Check it out: 2.5 litres, max power of 221kW at 6000rpm and a torque peak of 407Nm at 4000rpm. If that sounds familiar, it’s because it is. In fact, those were the same numbers possessed by the previous STI.

But hang on, aren’t new cars supposed to improve on the previous one? Well, they are provided you’ve got some development budget to make those improvements.

In Subaru’s case, the Yen-cupboard was pretty bare when time came to revamp the STI. So the boffins did the smart thing and went for nth-degree improvements to the electronics and stuff like the active centre diff. And, despite the odds, they came up trumps.

Okay, so the straight-line performance numbers are – predictably enough – a bit of a carry-over from the old car. Still, that gets you to 100km/h in 5.4sec and across the first 400m in 13.5sec at 165.6km/h provided you’re not antsy about dialling up 6000rpm or so and side-stepping the clutch. Ouch. But effective.

That said, it was pointed out to me that, unless you were prepared to be brutal, the STI quickly becomes a 14-second car in the real world. If you’re buying your own clutches, anyway. Fair call, too, I reckon.
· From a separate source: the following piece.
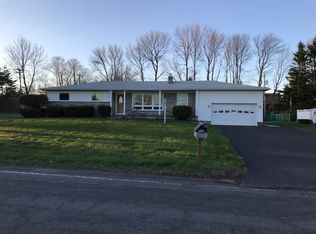 114 Latham Ridge Rd, Latham, NY 12110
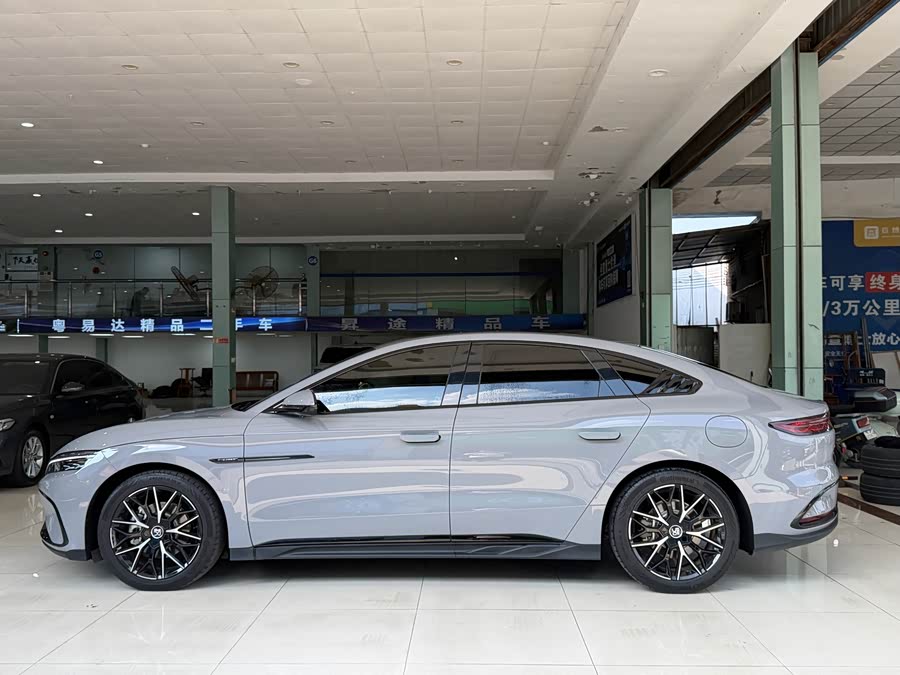 Han 2025 DM-i Smart Driving Version 125KM Honor Type - zdjęcie 12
It was quicker ’round the Winton track than the vaunted Golf R (the car it kind of had to beat) by 1.5sec, although it didn’t seem as pointy and accurate as it had at BFYB a few months earlier. Maybe it didn’t like the 30-or-so degrees of ambient heat. It was difficult to place in slower turns and never really seemed to have the front-end accuracy or bite it should have.

The interior is still a low-rent kind of deal, too, and while it’s better than previous models, it’s way behind the opposition. But the things I liked about it are the things that make it special – that ultra-mechanical feel to the way the gearshift works and the fact I get to call the shots on how the centre diff works and where it sends the torque.

The motor is (plateaued outputs notwithstanding) still a cracker and, while it felt like the last 1000 revs or so were hard work on the dragstrip, out on the track it suddenly felt much fitter.

And then there’s the price. I remember when a WRX STI would run you all the way to $60K (and that was before the R-Spec option), so the new car’s $49,990 has to rate as some kind of bargain. Not that this is BFYB, but you get my drift.